Data records:
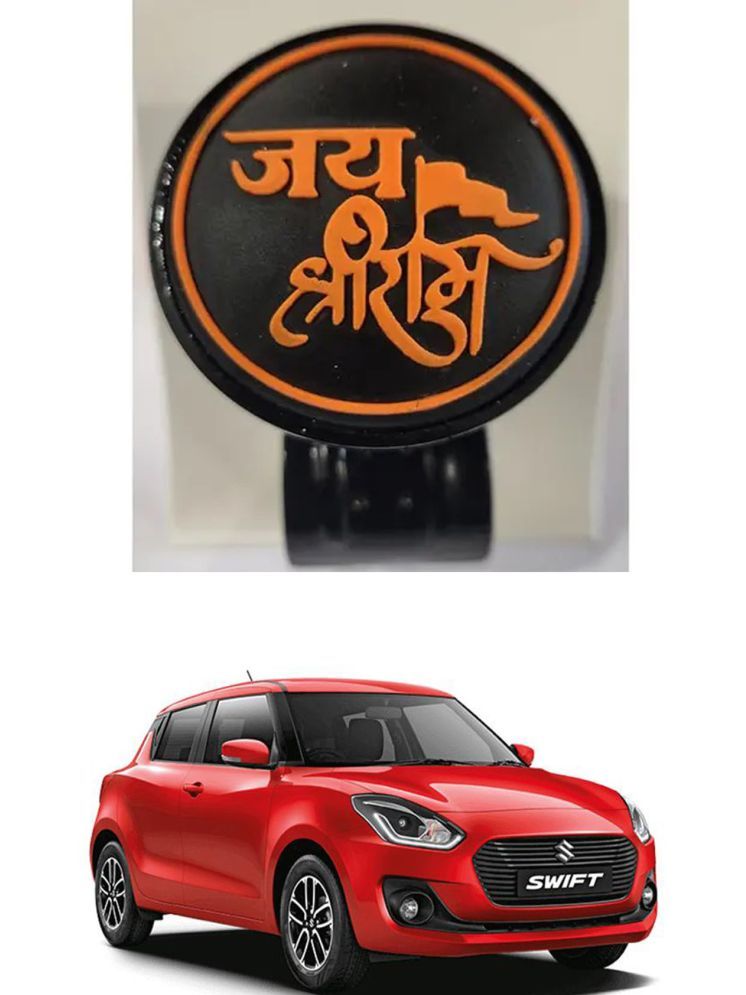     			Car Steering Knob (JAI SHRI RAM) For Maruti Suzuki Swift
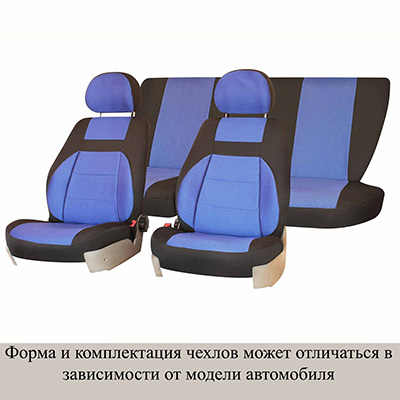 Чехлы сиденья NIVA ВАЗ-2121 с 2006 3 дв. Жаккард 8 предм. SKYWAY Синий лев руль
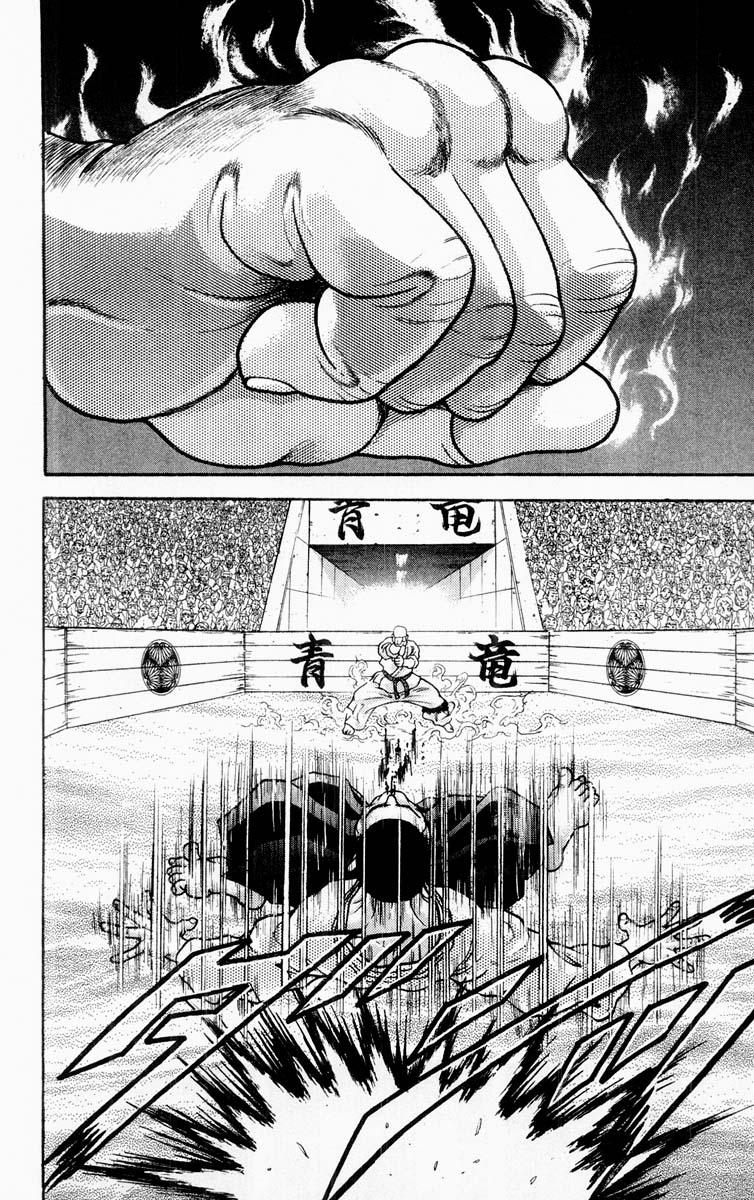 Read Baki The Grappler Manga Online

---

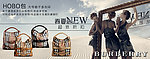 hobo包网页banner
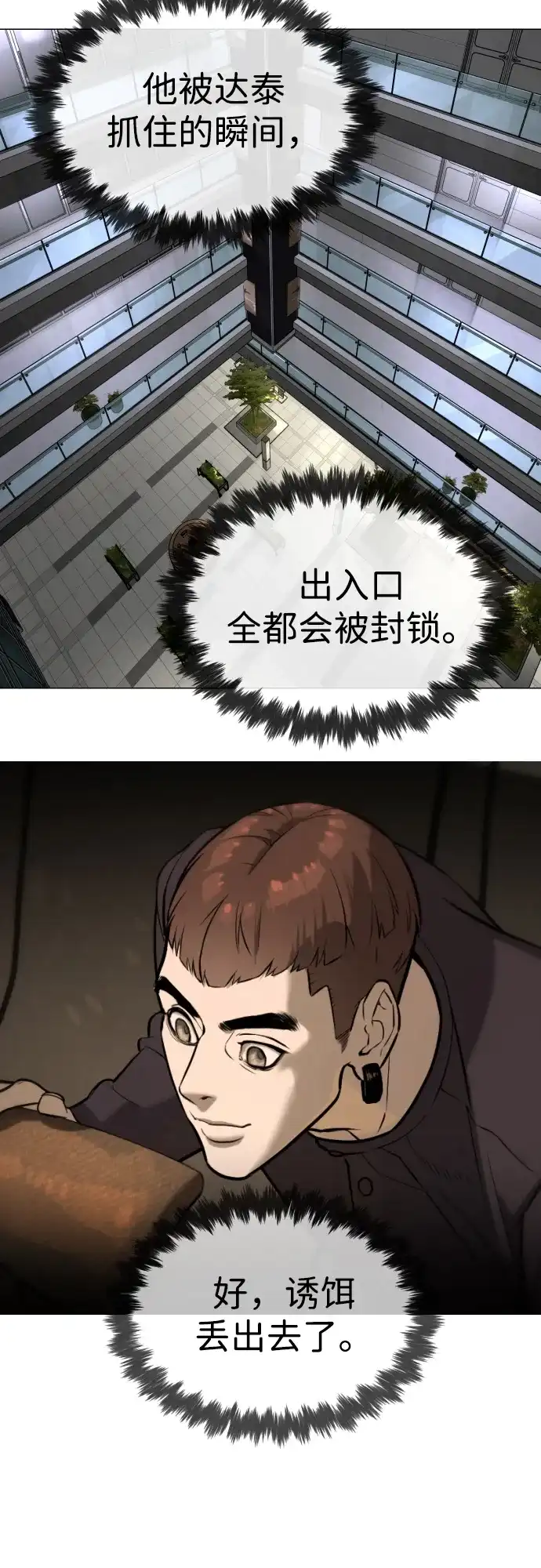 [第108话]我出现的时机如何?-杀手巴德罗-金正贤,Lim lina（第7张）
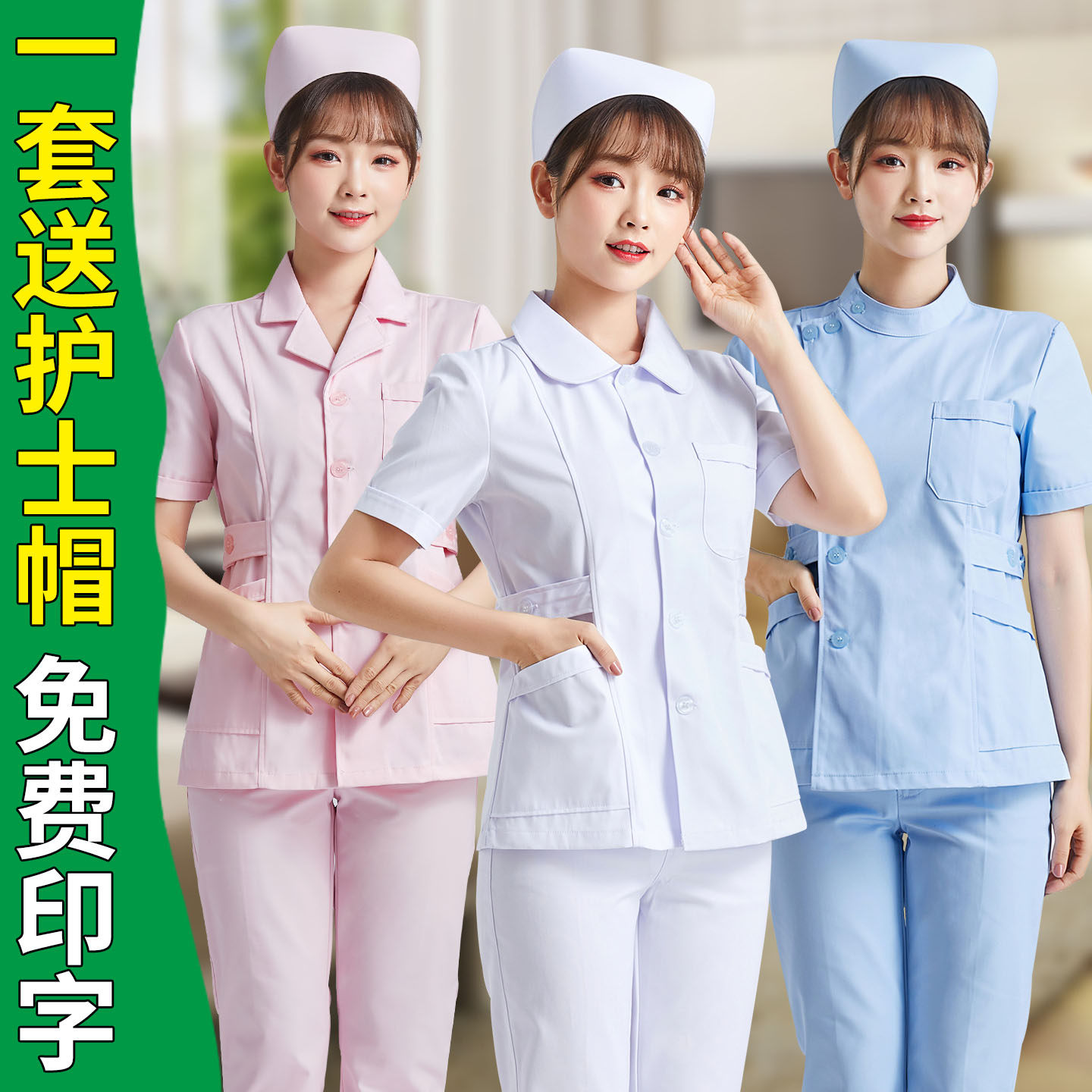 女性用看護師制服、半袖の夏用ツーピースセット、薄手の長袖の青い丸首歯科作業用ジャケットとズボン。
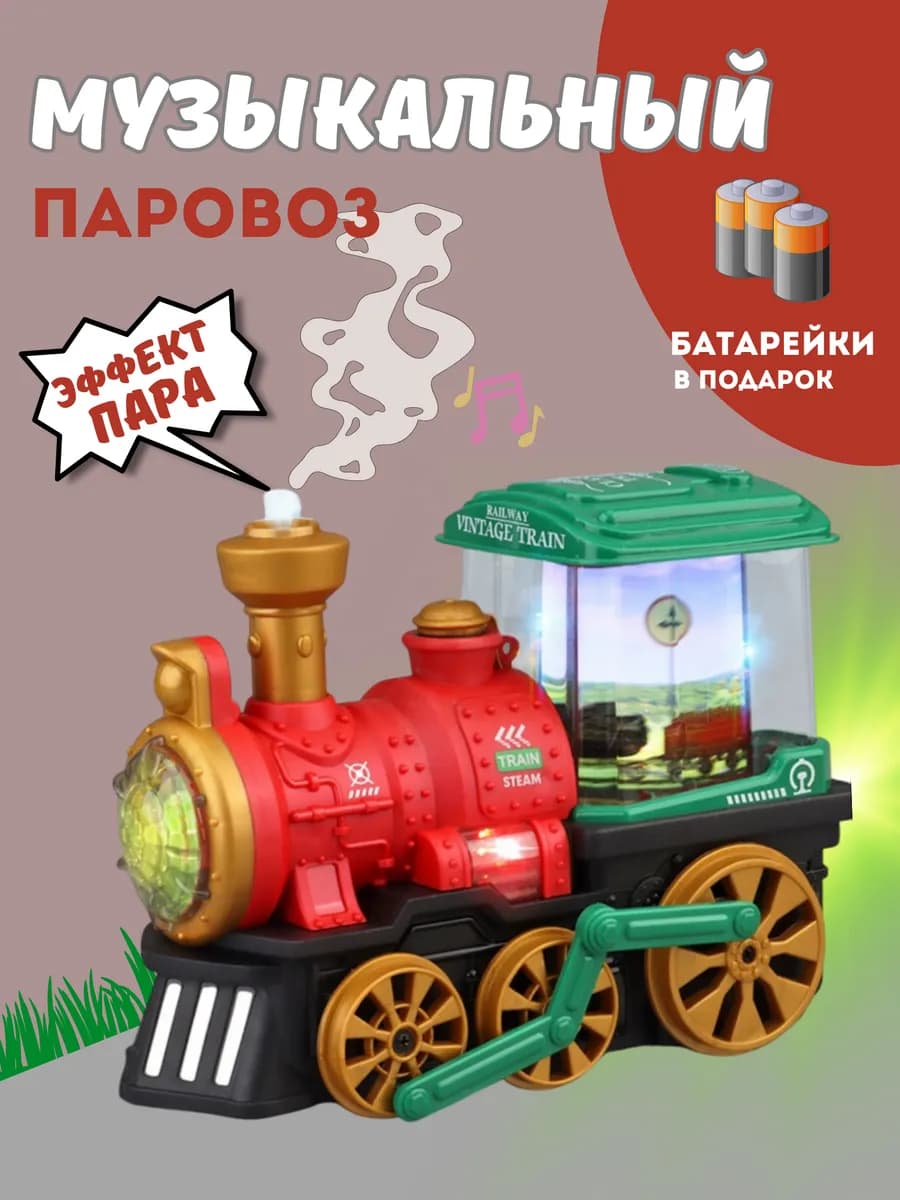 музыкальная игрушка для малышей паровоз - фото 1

To do:
Looking at the listing above, which lines run from the one containing "Car Steering Knob" through the one containing "Read Baki The Grappler Manga Online"? Print exactly those, ends included, pictures excluded.

Answer to this problem:
     			Car Steering Knob (JAI SHRI RAM) For Maruti Suzuki Swift
 Чехлы сиденья NIVA ВАЗ-2121 с 2006 3 дв. Жаккард 8 предм. SKYWAY Синий лев руль
 Read Baki The Grappler Manga Online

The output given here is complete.